Prior to establishing Grameen Foundation, Mr. Counts served as the legislative director of RESULTS and also worked as regional project manager for CARE-Bangladesh. While at Grameen Bank, he worked and studied under Nobel Laureate Professor Muhammad Yunus, founder and managing director of Grameen Bank, and helped to establish the bank’s flagship newsletter, Grameen Dialogue. Mr. Counts chairs the board of Project Enterprise and serves on the boards of Fonkoze USA and the PLAN Fund. He is also a member of the Board of Advisors of the Katalysis Bootstrap Fund and a member of the Editorial Advisory Board of Grameen Dialogue. In addition, he serves on the board of Grameen-Jameel Pan Arab Microfinance Limited, an enterprise based on Professor Yunus’ concept of social businesses.

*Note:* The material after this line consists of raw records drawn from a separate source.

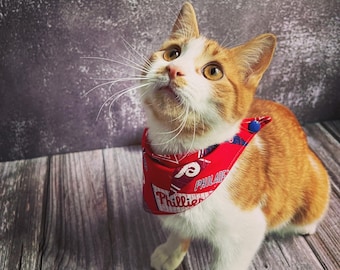 Philadelphia Phillies Cat / Kitten Bandana, 4 telas para elegir!! Hecho a mano, Reversible, 100% Algodón, Cierre a presión, Ajustable
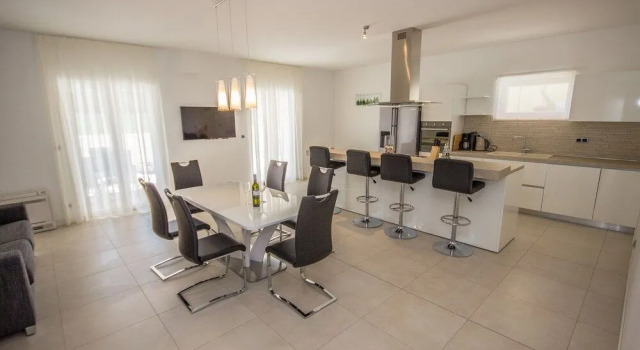 Villa Relax, Rezerwuj Willa Hotele w Split-Dalmatia County z parkingiem, Parking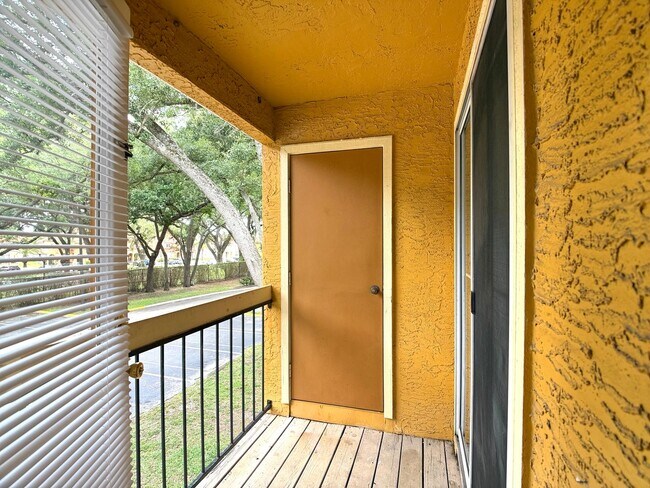 Building Photo - Limited-Time Offer! Sign a lease by July 1, 2026, and receive ½ off your second month’s rent! Pri...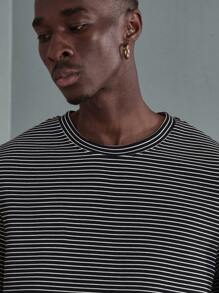 SUMWON Camiseta de rayas de corte slim esencial, de punto jersey clásico, para uso casual de verano, moda urbana, diseño moderno y minimalista para uso diario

Mr. Counts is the author of Small Loans: Big Dreams, published by Wiley and Sons in March 2008, and Give Us Credit: How Muhammad Yunus' Micro-Lending Revolution is Empowering Women from Bangladesh to Chicago, which was published by Random House (New York) and Research Press (New Delhi) in 1996. He earned a BA in economics from Cornell University.

 

Anthony R. Goland

Anthony Goland is a director in the MidAtlantic Office of McKinsey & Company.  He is a senior leader of both the North American and Asian Financial Institutions Groups, and he leads the firm’s global efforts to promote financial inclusion among the world’s poor. Since joining the firm in 1985, Mr. Goland has helped clients address their most challenging strategy, operations, and organization problems and build their capabilities to successfully implement. he has served clients in the US, Australia, Brazil, Canada, China, Korea, Taiwan, and UK.

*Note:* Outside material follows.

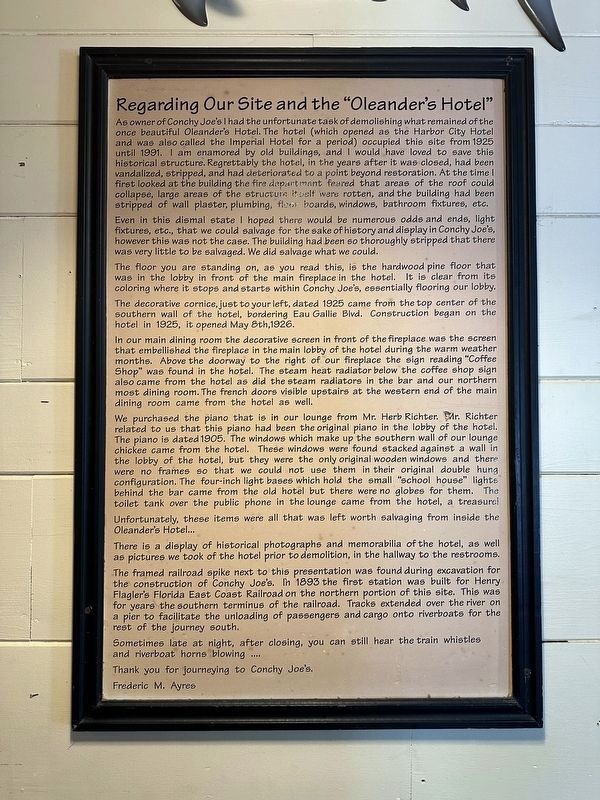 Oleander's Hotel History Plaque image. Click for full size.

Prior to joining McKinsey, Mr. Goland worked for Morgan Bank Delaware, a subsidiary of J.P. Morgan Chase, and served on the Board of Trustees of the University of Delaware.  He also previously served as a Supply Sergeant in the U.S. Army Europe, where he was stationed in the Federal Republic of Germany.

Mr. Goland graduated with high distinction as a Baker Scholar from the Harvard Business School and summa cum laude in finance and economics from the University of Delaware.

 

Kurt Koenigsfest

Kurt Koenigsfest is the CEO of BancoSol, a private commercial bank which provides loans to low-income micro entrepreneurs in Bolivia. The Bank started as an NGO, and incorporated as a fully-fledged bank in 1992 in order to meet the growing demand for micro loans on a self-financing  basis. Mr. Koenigsfest has held a variety of positions in the credit, operations, and business-development areas of the Bolivian banking industry since 1989.  Among others, he spent nine years with Banco Nacional de Bolivia, the largest Bolivian private Bank. He is also board member of a number of banking and microfinance boards including the boards of ASOBAN (the Bolivian Private Banking Association), AFIN (the Microfinance Training Institute of Bolivia), and ATC (credit- and debit-card processor).  He is chairman of the board of ASOFIN, the Association of Regulated Microfinance Institutions of Bolivia, and was recently elected Young Global Leader by the World Economic Forum in Geneva, Switzerland.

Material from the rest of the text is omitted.